[Intel-gfx] [PATCH 04/31] drm/i915/execlists: Pull CSB reset under the timeline.lock

Tue Jun 26 11:04:43 UTC 2018

Quoting Tvrtko Ursulin (2018-06-26 11:59:05)
> 
> On 25/06/2018 10:48, Chris Wilson wrote:
> > In the following patch, we will process the CSB events under the
> > timeline.lock and not serailiased by the tasklet. This also means that we
> 
> Typo in serialised.
> 
> > will need to protect access to common variables such as
> > execlists->csb_head with the timeline.lock during reset.
> > 
> > v2: Move sync_irq to avoid deadlocks between taking timeline.lock from
> > our interrupt handler.
> > 
> > Signed-off-by: Chris Wilson <chris at chris-wilson.co.uk>
> > ---
> >   drivers/gpu/drm/i915/intel_lrc.c | 11 +++++------
> >   1 file changed, 5 insertions(+), 6 deletions(-)
> > 
> > diff --git a/drivers/gpu/drm/i915/intel_lrc.c b/drivers/gpu/drm/i915/intel_lrc.c
> > index b5c809201c7a..2cbb293fb409 100644
> > --- a/drivers/gpu/drm/i915/intel_lrc.c
> > +++ b/drivers/gpu/drm/i915/intel_lrc.c
> > @@ -871,7 +871,6 @@ static void reset_irq(struct intel_engine_cs *engine)
> >   {
> >       /* Mark all CS interrupts as complete */
> >       smp_store_mb(engine->execlists.active, 0);
> > -     synchronize_hardirq(engine->i915->drm.irq);
> >   
> >       clear_gtiir(engine);
> >   
> > @@ -912,6 +911,8 @@ static void execlists_cancel_requests(struct intel_engine_cs *engine)
> >   
> >       /* Cancel the requests on the HW and clear the ELSP tracker. */
> >       execlists_cancel_port_requests(execlists);
> > +
> > +     synchronize_hardirq(engine->i915->drm.irq);
> 
> This is why I hate trickery. It used to be smp_store_mb then 
> synchronize_hardirq, and now it would be the opposite. I have no idea 
> what's broken before, and what's after, or if all is just pointless. 
> Hmmm... even funnier, it seems that in the current code we already have 
> synchronize_hardirq from the irqdisabled section. Should that be fixed 
> with an explicit patch first?
> 
> >       reset_irq(engine);
> >   
> >       spin_lock(&engine->timeline.lock);
> > @@ -1969,8 +1970,8 @@ static void execlists_reset(struct intel_engine_cs *engine,
> >                 engine->name, request ? request->global_seqno : 0,
> >                 intel_engine_get_seqno(engine));
> >   
> > -     /* See execlists_cancel_requests() for the irq/spinlock split. */
> > -     local_irq_save(flags);
> > +     synchronize_hardirq(engine->i915->drm.irq);
> > +     spin_lock_irqsave(&engine->timeline.lock, flags);
> 
> What is the point of synchronize_hardirq here? If it was running the 
> spinlock would wait for it, if it was pending the opposite or nothing, 
> but if we wait for it before the spinlock what says new one cannot 
> become pending between synchronize_hardirq and the spinlock?

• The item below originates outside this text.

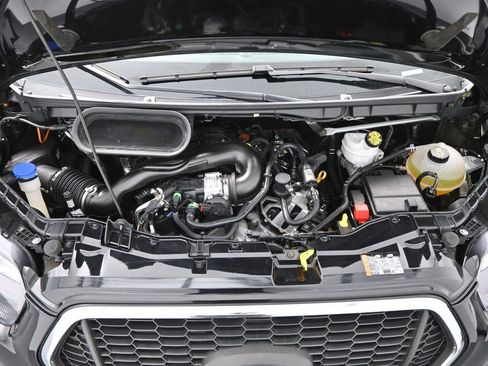 Used 2024 Ford Transit 350 XLT image 31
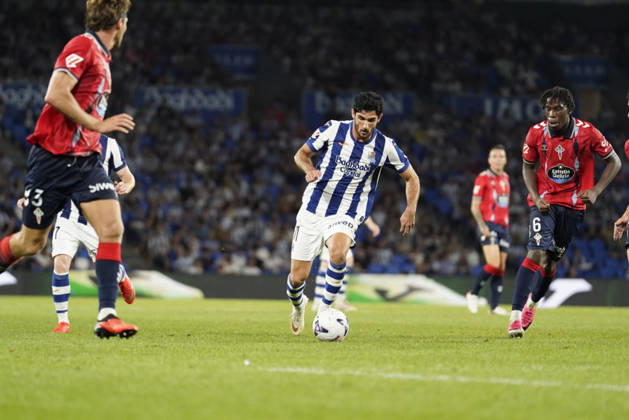 Goncalo Guedes of Real Sociedad seen during LaLiga EA Sports 26 27 game between teams of Real Sociedad and Celta Vigo (Mickael Ducint Ball Raw Images) San Sebastian Estadio Anoeta Spain Copyright: xMickaelxDucintx mickaelducint_RealSociedad_Celta495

It's ok from irqoff. We can just kill it, as it was just icing on the
cake. Or lipstick on a pig. I guess it should die in case anyone does a
git grep sychronize_hardirq...

It's the serialisation of CSB processing with the reset that is
important to make sure we don't replay stale events afterwards.
-Chris